Brandi Sharpton, a parent and local high school math teacher, said she has done her best to work with the Common Core standards, but her research and experience tell her she cannot support the initiative. “As an expert in my field and an involved parent, I feel like it’s important for others to hear my opinion,” Sharpton said. “I’m definitely a supporter of raising standards, but raising them this way will only serve to make the gaps bigger and frustration levels higher.”

Sharpton went on to discuss the Eureka Math curriculum, which the Calcasieu Parish School Board adopted this year and the state Department of Education identifies as a superior quality curriculum. She pointed out that, even with a degree in math education, she would spend hours each night trying to determine how to help her second-grade daughter with her math homework.

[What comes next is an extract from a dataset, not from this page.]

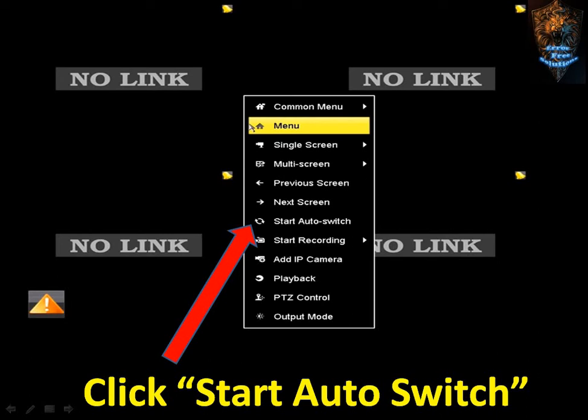If you want to rotate the menu, you can enable the auto switch — just click on auto switch. If you have a single screen, it will rotate every 5 seconds. If you want to rotate the full screen, you can right-click on the start button.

“My daughter has an excellent teacher and an excellent school, but this curriculum is developmentally inappropriate,” she said. “My child cries almost every night, and I cannot allow this curriculum and these standards to set a negative tone about learning that will affect her for the rest of her life.”

Local fourth-grade teacher Shawna Dufrene agreed with Sharpton. Having taught math for more than ten years, Dufrene said casting Eureka Math as “the Cadillac” of math curricula is wrong. “I can appreciate a Cadillac, but I know a lemon when I buy a lemon,” Dufrene told the panel.

Tiffany Hebert, a parent and former teacher, said in a statement to Breitbart News, “Highly educated parents with graduate and post-graduate degrees should not have to go to ‘Parent University’ to help their elementary kids do math homework.” 

High school history teacher Leslie Truax is concerned about the extent to which education is no longer in the hands of local communities. “We have lost control of our education system on all levels: national, state, and local,” Truax said in a statement to Breitbart News. “From the adoption of the standards to the selection of the curriculum, ‘we the people’ have been left out of the process.”

BESE member Smith, who is a former school superintendent and legislator, sees the turnout as “grassroots folks making a difference,” adding that “the 800 parents and teachers that showed up for this town hall meeting represent what America stands for.”

Geymann’s bill to create a commission to develop a new set of education standards in Louisiana was rejected by the state House Education Committee. He told Breitbart News he would like to see some changes made this coming session now that the grassroots effort has gained momentum.

“The people have spoken loud and clear: Common Core is not acceptable, and they are not giving up the fight,” he said. “I have never been more encouraged and energized about the willingness of the people to hold our elected officials accountable on this issue.”